EXERCISE = Nothing may be dropped or altered: reproduce all the data.

DATASET CONTENT =
================================

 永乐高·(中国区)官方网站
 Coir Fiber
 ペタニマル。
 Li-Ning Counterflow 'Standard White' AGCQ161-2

================================

TASK ANSWER =
 永乐高·(中国区)官方网站
 Coir Fiber
 ペタニマル。
 Li-Ning Counterflow 'Standard White' AGCQ161-2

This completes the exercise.